Personal information
- Full name: Luís Miguel Pinheiro Andrade
- Date of birth: 27 March 1990 (age 36)
- Place of birth: Fornos de Algodres, Portugal
- Height: 1.70 m (5 ft 7 in)
- Position: Winger

Team information
- Current team: Fornos de Algodres

Youth career
- 1999–2003: Fornos de Algodres
- 2003–2007: Sporting CP
- 2007–2009: Académica

Senior career*
- Years: Team / Apps / (Gls)
- 2009–2010: Fornos de Algodres / 22 / (4)
- 2010: Pampilhosa / 4 / (1)
- 2010−2015: Académico Viseu / 161 / (27)
- 2015−2017: Boavista / 30 / (2)
- 2016−2017: → Académico Viseu (loan) / 38 / (1)
- 2017−2018: Académica / 28 / (3)
- 2018−2023: Académico Viseu / 98 / (8)
- 2023: Tondela / 3 / (0)
- 2024–: Fornos de Algodres / 42 / (41)

= Luisinho (footballer, born 1990) =

Portuguese footballer

Luís Miguel Pinheiro Andrade (born 27 March 1990), known as Luisinho, is a Portuguese professional footballer who plays as a winger for A.D. Fornos de Algodres.

==Club career==
Born in Fornos de Algodres, Guarda District, Luisinho played lower league football until the age of 23. He joined Académico de Viseu F.C. in December 2010, and helped it promote from the fourth division to the Segunda Liga in his first two full seasons, scoring seven goals in the process.

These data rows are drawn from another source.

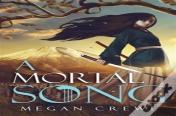 A Mortal Song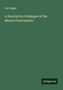 Carl Engel: A Descriptive Catalogue of the Musical Instruments, Buch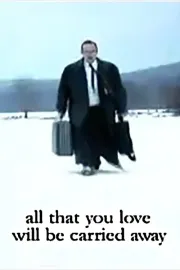 All That You Love Will Be Carried Away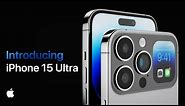 iPhone 15 Ultra Concept | Apple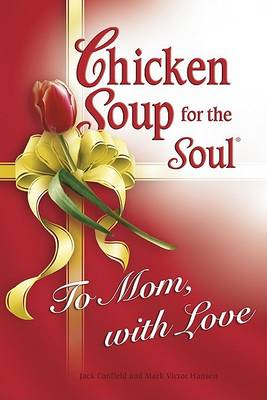 Book cover for Chicken Soup for Soul to Mom, with Love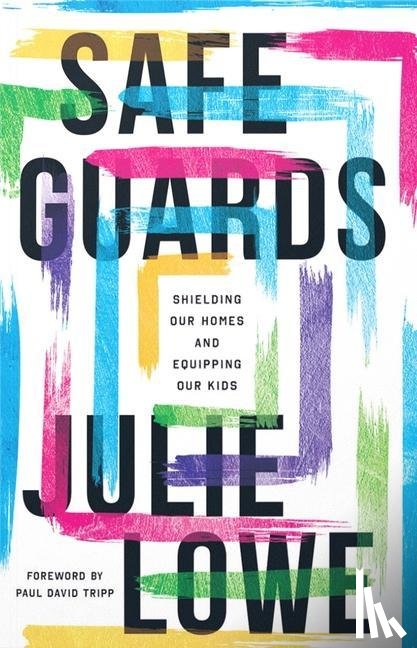 Lowe, Julie - Lowe, J: Safeguards
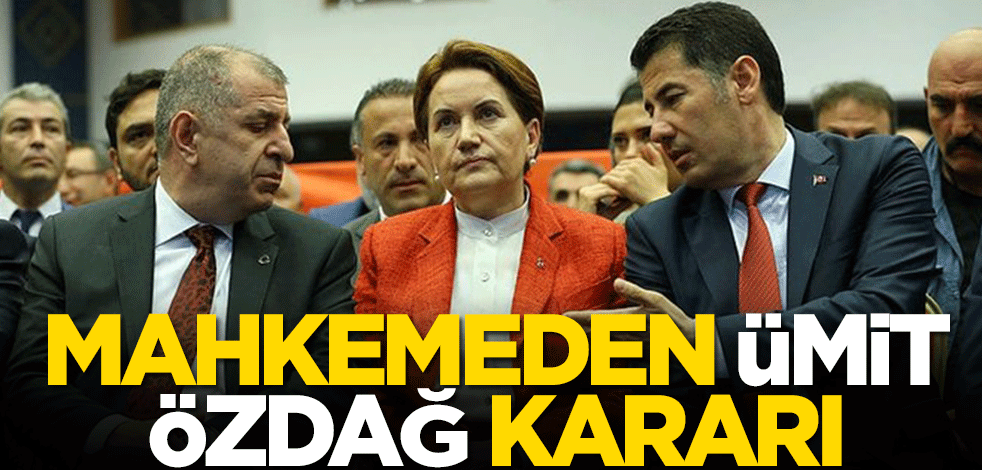 Mahkemeden Ümit Özdağ kararı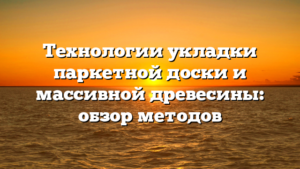 Технологии укладки паркетной доски и массивной древесины: обзор методов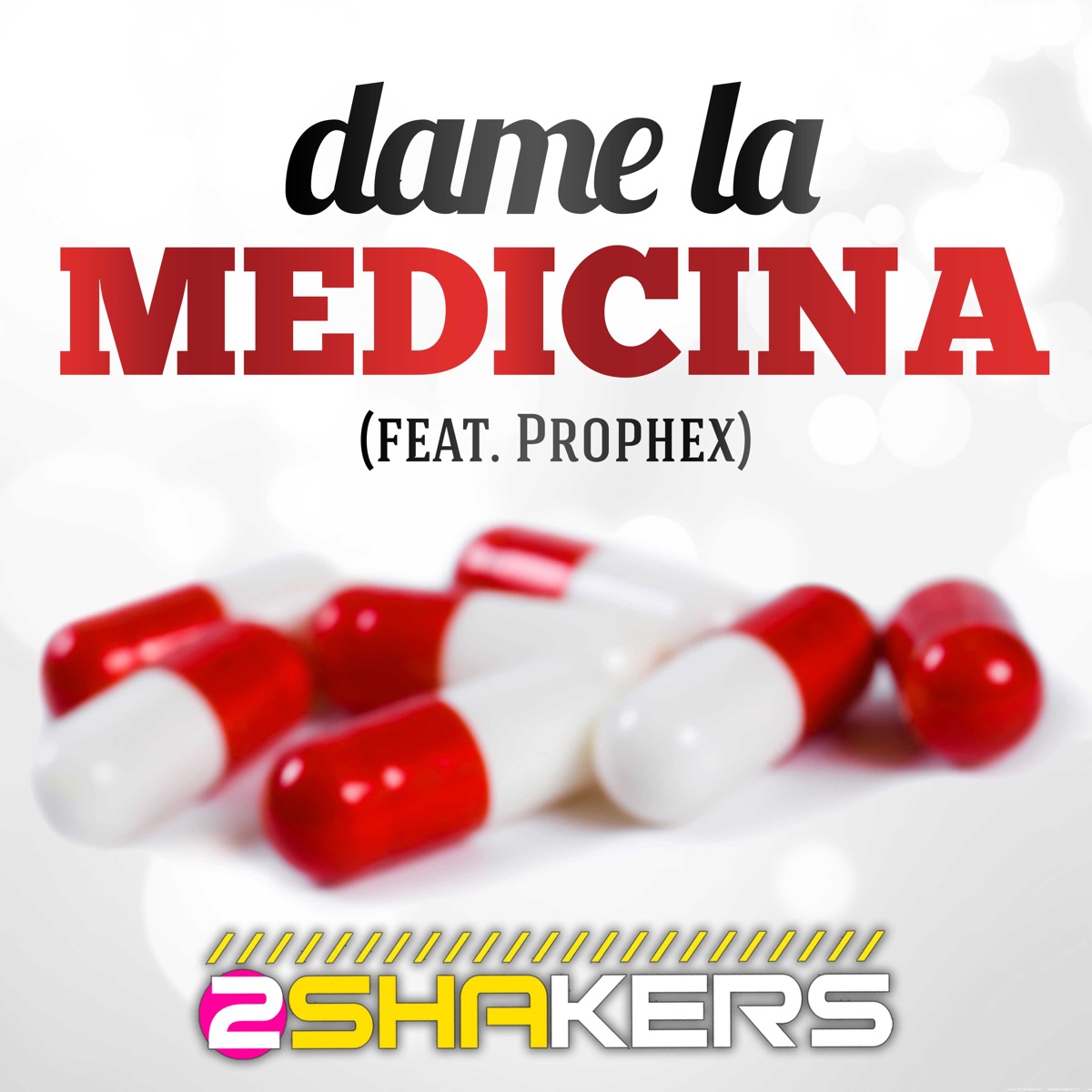 Dame La Medicina (feat. Prophex) - Single by 2SHAKERS album cover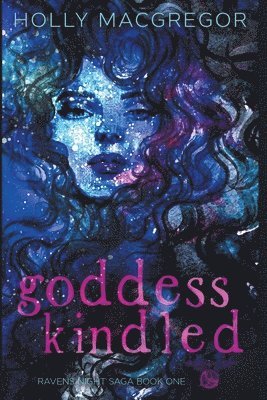 Goddess Kindled 1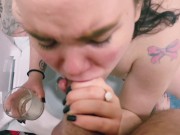 I urinated on her and then made her drink the urine, finally!! 10/16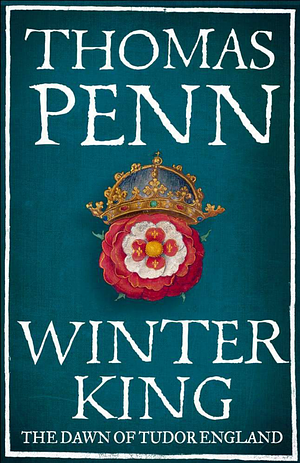 Winter King: The Dawn of Tudor England by Thomas Penn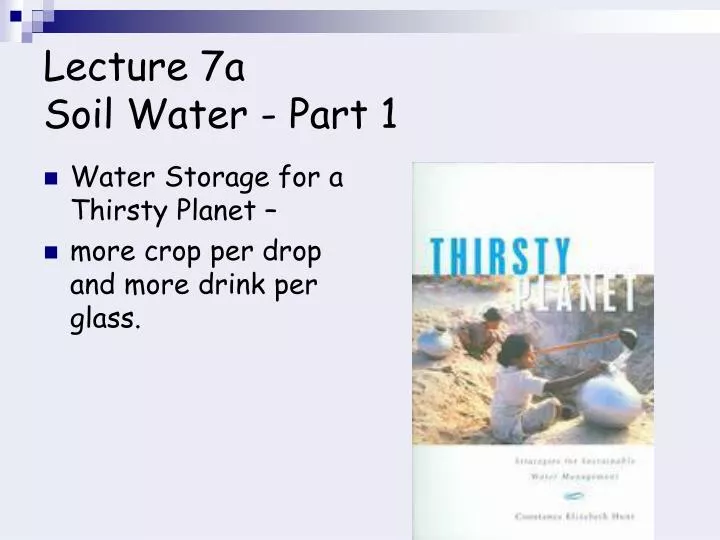 lecture 7a soil water part 1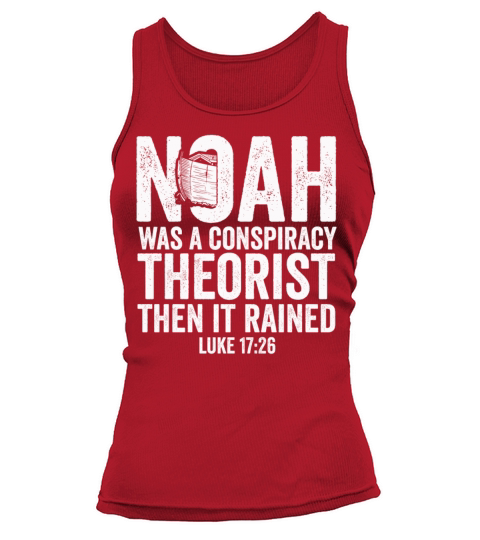 Noah Was A Conspiracy Theorist And The It Rained Tank top Woman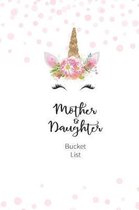 Mother and Daughter Bucket List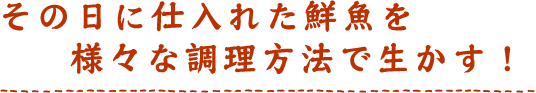 その日に仕入れた鮮魚を様々な調理方法で生かす！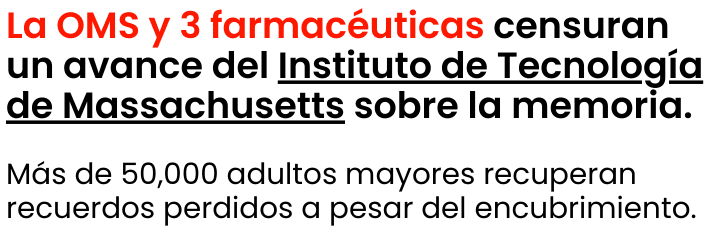 La OMS y 3 farmacéuticas censuran un avance del Instituto de Tecnología de Massachusetts sobre la memoria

Luisinho made his professional debut on 27 July 2013, starting in a 1–0 home win against Atlético Clube de Portugal in the first round of the Taça da Liga. His maiden appearance in the second tier occurred on 10 August, as he came on as a second-half substitute in a 2–0 loss at Moreirense FC.

Luisinho first arrived in the Primeira Liga in 2015–16, signing a two-year contract with Boavista F.C. aged 25. He scored in his first game in the competition, helping to a 2–2 draw away to Vitória de Setúbal. He returned to the second division the following campaign, being loaned to his former club Académico Viseu.

On 18 July 2017, Luisinho agreed to a one-year deal with Académica de Coimbra. After it expired, a transfer to F.C. Famalicão was arranged but cancelled shortly after; he remained in division two, however, returning to Académico.

Luisinho left the Estádio do Fontelo at the end of the 2022–23 season, totalling 331 matches and 41 goals across three spells. That summer, the 33-year-old joined fellow second-tier C.D. Tondela on a one-year contract, but left on 6 December.